One solution could be to introduce ethical review at conferences. NeurIPS 2019 included for the first time a reproducibility checklist for submitted papers. In the future, once accepted, papers could also be checked for responsibility, says Joelle Pineau, a machine-learning scientist at McGill University in Montreal, Canada, and at Facebook, who is on the NeurIPS organizing committee and developed the checklist.

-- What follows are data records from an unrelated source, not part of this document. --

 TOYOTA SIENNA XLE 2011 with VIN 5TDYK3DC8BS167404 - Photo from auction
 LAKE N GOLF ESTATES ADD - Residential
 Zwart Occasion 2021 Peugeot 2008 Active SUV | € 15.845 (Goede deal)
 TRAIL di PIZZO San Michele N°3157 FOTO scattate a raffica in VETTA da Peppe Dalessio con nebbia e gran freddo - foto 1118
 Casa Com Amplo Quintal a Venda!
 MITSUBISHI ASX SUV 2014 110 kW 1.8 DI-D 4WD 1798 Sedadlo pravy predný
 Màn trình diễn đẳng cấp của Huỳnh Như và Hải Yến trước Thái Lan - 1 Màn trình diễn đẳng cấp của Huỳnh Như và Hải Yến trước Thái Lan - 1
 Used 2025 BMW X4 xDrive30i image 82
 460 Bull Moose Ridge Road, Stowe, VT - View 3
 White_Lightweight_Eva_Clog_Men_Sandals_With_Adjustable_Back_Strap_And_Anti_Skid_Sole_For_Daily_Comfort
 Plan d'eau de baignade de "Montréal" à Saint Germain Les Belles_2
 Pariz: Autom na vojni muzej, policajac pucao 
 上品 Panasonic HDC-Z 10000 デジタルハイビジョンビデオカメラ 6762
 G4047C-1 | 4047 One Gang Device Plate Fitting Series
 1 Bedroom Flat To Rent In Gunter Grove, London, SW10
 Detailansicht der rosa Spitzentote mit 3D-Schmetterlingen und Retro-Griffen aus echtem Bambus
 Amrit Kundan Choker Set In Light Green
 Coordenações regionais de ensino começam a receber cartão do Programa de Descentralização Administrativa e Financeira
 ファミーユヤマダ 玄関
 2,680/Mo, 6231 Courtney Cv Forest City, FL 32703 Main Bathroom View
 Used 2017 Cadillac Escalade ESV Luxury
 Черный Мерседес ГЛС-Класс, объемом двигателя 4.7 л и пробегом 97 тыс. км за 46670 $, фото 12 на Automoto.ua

NeurIPS says that an ethics committee is on hand to deal with concerns during the existing review process but it is considering ways to make its work on ethical and societal impacts more robust. Proposals include asking authors to make a statement about the ethics of their work and training reviewers to spot ethics violations. The organizers of the annual International Conference on Learning Representations — another of the major AI meetings — said it was also discussing the idea of reviewing papers with ethics in mind, after the conversations in the community.
AI Now goes a step further: in a report published last month, it called for all machine-learning research papers to include a section on societal harms, as well as the provenance of their data sets. Such considerations should centre on the perspectives of vulnerable groups, which AI tends to impact disproportionately, Abeba Birhane, a cognitive scientist at University College Dublin, told NeurIPS’s Black in AI workshop, in which her study on ‘relational ethics’1 won best paper. “Algorithms exclude older workers, trans people, immigrants, children,” said Birhane, citing uses of AI in hiring and surveillance. Developers should ask not only how their algorithm might be used, but whether it is necessary in the first place, she said.
Tech companies — which are responsible for vast amounts of AI research — are also addressing the ethics of their work (Google alone was responsible for 12% of papers at NeurIPS, according to one estimate). But activists say that they must not be allowed to get away with ‘ethics-washing’. Tech companies suffer from a lack of diversity, and although some firms have staff and entire boards dedicated to ethics,campaigners warn that these often have too little power. Their technical solutions — which include efforts to ‘debias algorithms’ — are also often misguided, says Birhane. The approach wrongly suggests that bias-free data sets exist, and fixing algorithms doesn’t solve the root problems in underlying data, she says.
Forcing tech companies to include people from affected groups on ethics boards would help, said Fabian Rogers, a community organizer from New York City. Rogers represents the Atlantic Plaza Towers Tenants Association, which fought to stop its landlord from installing facial-recognition technology without residents’ consent. “Context is everything, and we need to keep that in mind when we’re talking about technology. It’s hard to do that when we don’t have necessary people to offer that perspective,” he said.
Researchers and tech workers in privileged positions can choose where they work and should vote with their feet, says Whittaker. She worked at Google until last year, and in 2018 organized a walkout of Google staff over the firm’s handing of of sexual-harassment claims. Researchers should demand to know the ultimate use of what they are working on, she says.
Another approach would be to change the questions that they try to solve, said Ria Kalluri, a machine-learning scientist at Stanford University in California. Researchers could shift power towards the people affected by models and on whose data they are built, she said, by tackling scientific questions that make algorithms more transparent and that create ways for non-experts to challenge a model’s inner workings.